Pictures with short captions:
--- START ---

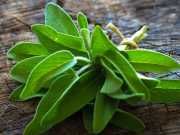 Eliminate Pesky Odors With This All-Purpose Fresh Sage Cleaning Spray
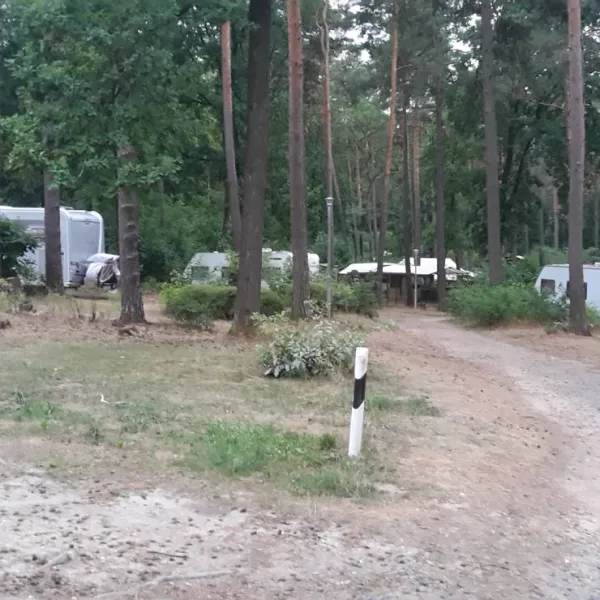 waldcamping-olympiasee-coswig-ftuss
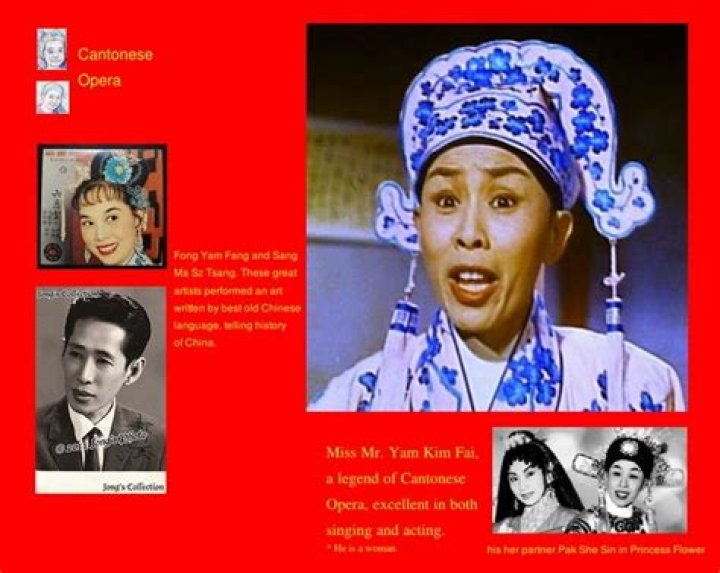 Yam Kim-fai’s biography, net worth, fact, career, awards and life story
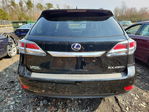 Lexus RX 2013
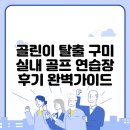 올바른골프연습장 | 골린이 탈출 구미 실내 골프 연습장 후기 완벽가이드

--- END ---

REQUIRED WORK:
Leave out the pictures, then give all the records again exactly.

TASK RESULT:
 Eliminate Pesky Odors With This All-Purpose Fresh Sage Cleaning Spray
 waldcamping-olympiasee-coswig-ftuss
 Yam Kim-fai’s biography, net worth, fact, career, awards and life story
 Lexus RX 2013
 올바른골프연습장 | 골린이 탈출 구미 실내 골프 연습장 후기 완벽가이드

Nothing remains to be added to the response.